Sihir, önsezi, çılgınlık Gökhan Gönül'deydi
Dün gece Saracoğlu'nda özel bir adam vardı. Gökhan Gönül...
Bireysel beceri tartısında da, takım oyununda da öne çıkan oydu.
Sahanın her yanı, onun koşu yoluydu.
Rakibi yıpratan muhteşem bindirmeler yaptı. Ritmi, Fenerbahçe'nin kalp ritmiydi.
Maçın sıkıntıya düştüğü dakikalarda, Semih'in ikinci golünde, sıkıntı sisini dağıtan adam da oydu.

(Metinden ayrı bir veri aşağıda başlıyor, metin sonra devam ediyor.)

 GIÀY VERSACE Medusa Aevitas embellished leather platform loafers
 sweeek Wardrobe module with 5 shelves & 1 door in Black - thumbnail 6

İlginç bir başlangıç izledik. Fenerbahçe'nin daha ilk atağında Eskişehirli Pele'nin hiç yoktan yarattığı penaltıya bakınca, "Bu takım, ecelle anlaşmayı maçın başında yaptı" dedim.
Ama Eskişehir'in bindirmelerine bakınca, "Fenerbahçe galiba tek gollü düşlere kapıldı" dedim... Eskişehir forvetinin, Fenerbahçe savunmasını panikletip hata yapmasını sağlayan çabukluğu dikkatimi çekti.
Ve beraberlik golü.
GoldeVolkan'ın duble çabasına karşılık Fenerbahçe savunmasına baktım da, kapı önü sohbetindeydiler sanki.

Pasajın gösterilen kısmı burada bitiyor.